Ihlara, formerly known as Chliára (Cappadocian Greek: Χλιάρα; Latin: Chliará) is a town (belde) and municipality in the Güzelyurt District, Aksaray Province, Turkey. The population is 2,289 (2021). It is situated at about 40 km from the province seat of Aksaray and near the town of Güzelyurt. The township is famed for the nearby valley of the same name, Ihlara Valley, which is a 16 km long gorge cut into volcanic rock in the southern part of Cappadocia, following several eruptions of Mount Erciyes. The Melendiz River flows through the valley.

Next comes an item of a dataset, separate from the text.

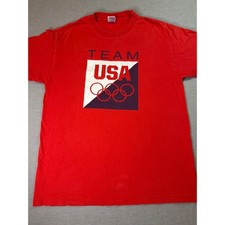 Murina Team USA Olympic T-Shirt Mens Large Red Vintage Graphic Tee Made in USA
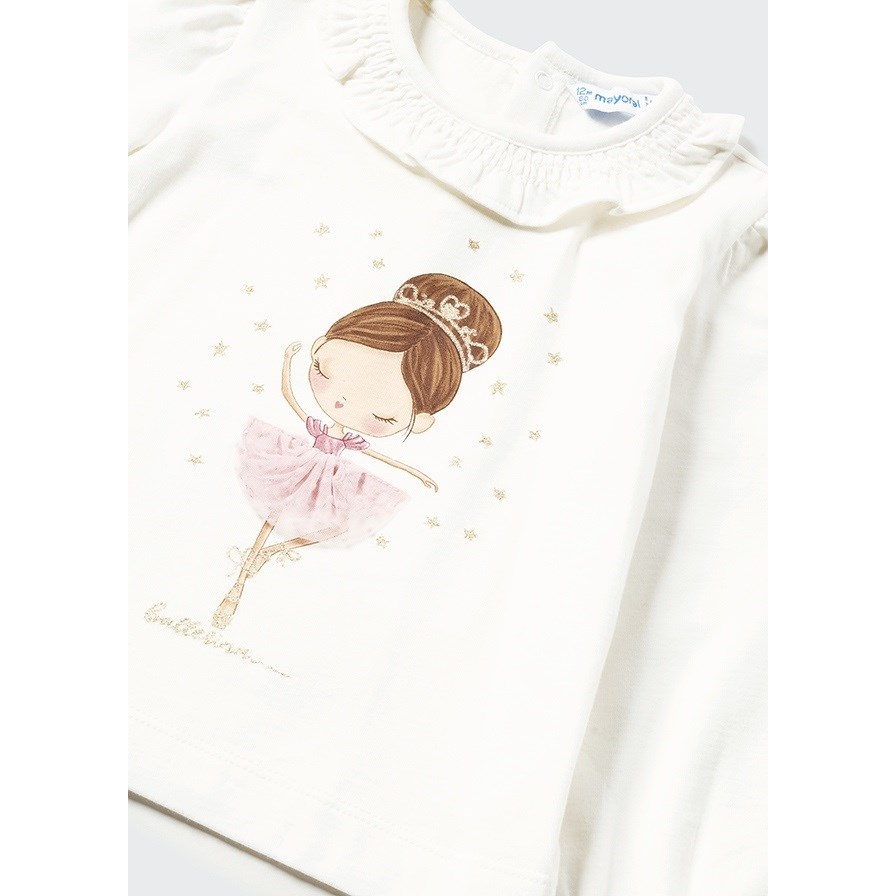 Mayoral Kışlık Kız Bebek Uzun Kol T-shirt Beyaz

The Ihlara valley consists of 14 km along the north-south Melendiz River, which runs from Selime to Ihlara village. Sixteen of the valley's 105 churches are open to visitors, and most of these are within 1 km of the official valley entrance in Ihlara. The first one you are likely to see is Ağaçaltı Kilise (Church Under the Trees), at the base of the stairs leading into the valley. Spectacular blue and white angels encircle the Christ figure on the well-preserved dome. Another 30m south past the Ağaçaltı (to the right after descending the entrance stairs, away from Belisirma) lies the Ptirenllseki Church, whose faded walls enclose the many martyrs of Sivas. The Kokar Kilise (Odorous Church), 70m farther along, celebrates biblical stories with colorful frescoes and ornate geometrical ceiling crosses.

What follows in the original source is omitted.